An integral domain with the factorization property and gcd for every two elements is a UFD

Question

Theorem 0.6.1 of Roman's book Field Theory says:

Let $R$ be an integral domain for which the factorization property holds (factorization property means that every non zero non unit can be written as a product of irreducibles). The following conditions are equivalent:

1) $R$ is a UFD

2) Every irreducible element of $R$ is prime

3) Any two non-zero elements of $R$ have a greatest common divisor.

I showed that 1) implies 2) and that 2) implies 3), but I don't see why 3) implies 1)

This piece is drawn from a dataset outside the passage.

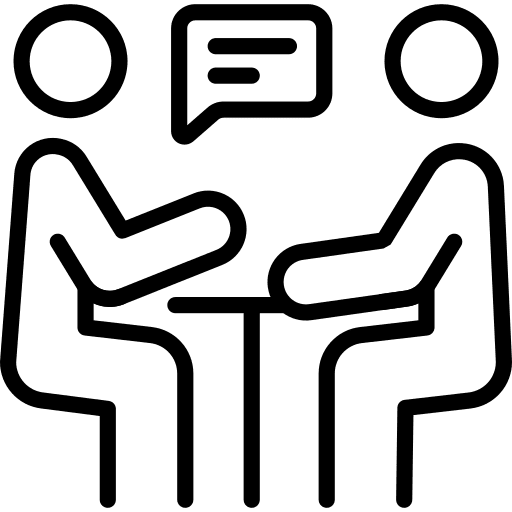 Two people sitting at a table having a conversation.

Question: What is the proof that 3) implies 1) ?

Thank you

Answer 1

Hint Irreducible $\,p\nmid a,\ p\mid ab\,\Rightarrow\, p\mid ab,pb\,\Rightarrow\,p\mid (ab,pb) = (a,p)b = b,\,$ so irreducibles are prime, which, then easily yields uniqueness of factorizations into irreducibles, so reversing all implications.

Answer 2

Hint (I'll let you prove $2) \implies 1)$): To see that 3) implies 2), suppose that $a$ is irreducible, you want to prove that $a$ is prime, equivalently that $A/(a)$ is an integral domain. Suppose $xy$ is divisible by $a$. By irreducibility of $a$, either $\gcd(x,a) = 1$ or $\gcd(x,a) = a$. In the latter case you're done (because then $a = \gcd(x,a)$ divides $x$). In the former case, apply a well known result (apparently it's not named after Gauss in English-speaking countries?) that $\gcd(x,a) = 1$ and $a \mid xy \implies a \mid y$ (just use the definition of gcd if you don't know this result).